Jackson, 26, was pronounced dead at 9:18 p.m. at the Greensville Correctional Center in Jarratt, said Larry Traylor, a spokesman for the Virginia Department of Corrections. His last words were: " 'You all can't kill me. I'm the king. Remember me like you remember Jesus. I'll be back,' " Traylor said.
The execution proceeded after the U.S. Court of Appeals for the 4th Circuit rejected Jackson's Wednesday-night petition seeking to halt the execution. The U.S. Supreme Court and Virginia Gov. Timothy M. Kaine (D) declined to intervene.
"I find no compelling reason to set aside the sentence," Kaine said in a statement last night, noting that the trial, verdict and sentence had been reviewed by state and federal courts.

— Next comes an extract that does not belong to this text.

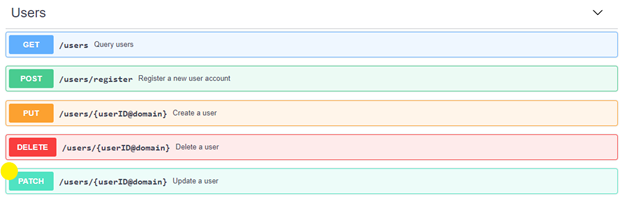 OneSpan-BlogImage [UserUpdatePatchMethod]1.png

Jackson was convicted of capital murder in 2003 for the slaying of Beulah Mae Kaiser, 79, who was found in her apartment with blackened eyes, a fractured nose and skull, and stab wounds to her head and chest. She had been sexually assaulted with her walking cane, which was then shoved so forcefully into her mouth that it knocked out most of her teeth and broke her jaw.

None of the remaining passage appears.